- [PROBLEM DESCRIPTION] Provide an exact transcription of all the records.

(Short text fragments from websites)
- - - -

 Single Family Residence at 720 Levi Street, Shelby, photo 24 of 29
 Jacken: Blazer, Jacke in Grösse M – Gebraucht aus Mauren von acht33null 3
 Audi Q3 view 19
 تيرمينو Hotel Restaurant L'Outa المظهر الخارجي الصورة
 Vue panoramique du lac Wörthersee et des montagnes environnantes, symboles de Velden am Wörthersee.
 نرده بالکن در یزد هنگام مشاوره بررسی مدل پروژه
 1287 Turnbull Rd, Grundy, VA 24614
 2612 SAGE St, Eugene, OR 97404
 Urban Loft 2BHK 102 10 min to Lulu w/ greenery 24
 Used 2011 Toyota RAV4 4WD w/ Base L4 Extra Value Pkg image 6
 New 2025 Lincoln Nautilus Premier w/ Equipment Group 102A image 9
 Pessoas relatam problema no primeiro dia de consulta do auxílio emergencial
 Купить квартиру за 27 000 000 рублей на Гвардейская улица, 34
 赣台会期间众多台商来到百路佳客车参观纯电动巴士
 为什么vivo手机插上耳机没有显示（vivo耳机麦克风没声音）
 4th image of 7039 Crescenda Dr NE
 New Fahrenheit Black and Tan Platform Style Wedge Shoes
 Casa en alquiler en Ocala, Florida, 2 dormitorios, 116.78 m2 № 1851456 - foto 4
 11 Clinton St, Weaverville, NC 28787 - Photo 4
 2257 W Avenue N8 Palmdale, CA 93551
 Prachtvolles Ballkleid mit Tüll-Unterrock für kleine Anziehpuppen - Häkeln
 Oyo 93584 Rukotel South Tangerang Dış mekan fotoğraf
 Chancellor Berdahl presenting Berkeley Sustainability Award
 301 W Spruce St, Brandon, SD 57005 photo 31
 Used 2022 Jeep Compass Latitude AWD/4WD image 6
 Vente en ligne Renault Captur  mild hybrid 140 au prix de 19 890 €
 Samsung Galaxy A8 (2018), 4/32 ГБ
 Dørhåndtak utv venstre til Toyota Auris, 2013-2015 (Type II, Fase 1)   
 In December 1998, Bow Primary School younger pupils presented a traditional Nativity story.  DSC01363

- - - -

- [COMPLETED TASK]
 Single Family Residence at 720 Levi Street, Shelby, photo 24 of 29
 Jacken: Blazer, Jacke in Grösse M – Gebraucht aus Mauren von acht33null 3
 Audi Q3 view 19
 تيرمينو Hotel Restaurant L'Outa المظهر الخارجي الصورة
 Vue panoramique du lac Wörthersee et des montagnes environnantes, symboles de Velden am Wörthersee.
 نرده بالکن در یزد هنگام مشاوره بررسی مدل پروژه
 1287 Turnbull Rd, Grundy, VA 24614
 2612 SAGE St, Eugene, OR 97404
 Urban Loft 2BHK 102 10 min to Lulu w/ greenery 24
 Used 2011 Toyota RAV4 4WD w/ Base L4 Extra Value Pkg image 6
 New 2025 Lincoln Nautilus Premier w/ Equipment Group 102A image 9
 Pessoas relatam problema no primeiro dia de consulta do auxílio emergencial
 Купить квартиру за 27 000 000 рублей на Гвардейская улица, 34
 赣台会期间众多台商来到百路佳客车参观纯电动巴士
 为什么vivo手机插上耳机没有显示（vivo耳机麦克风没声音）
 4th image of 7039 Crescenda Dr NE
 New Fahrenheit Black and Tan Platform Style Wedge Shoes
 Casa en alquiler en Ocala, Florida, 2 dormitorios, 116.78 m2 № 1851456 - foto 4
 11 Clinton St, Weaverville, NC 28787 - Photo 4
 2257 W Avenue N8 Palmdale, CA 93551
 Prachtvolles Ballkleid mit Tüll-Unterrock für kleine Anziehpuppen - Häkeln
 Oyo 93584 Rukotel South Tangerang Dış mekan fotoğraf
 Chancellor Berdahl presenting Berkeley Sustainability Award
 301 W Spruce St, Brandon, SD 57005 photo 31
 Used 2022 Jeep Compass Latitude AWD/4WD image 6
 Vente en ligne Renault Captur  mild hybrid 140 au prix de 19 890 €
 Samsung Galaxy A8 (2018), 4/32 ГБ
 Dørhåndtak utv venstre til Toyota Auris, 2013-2015 (Type II, Fase 1)   
 In December 1998, Bow Primary School younger pupils presented a traditional Nativity story.  DSC01363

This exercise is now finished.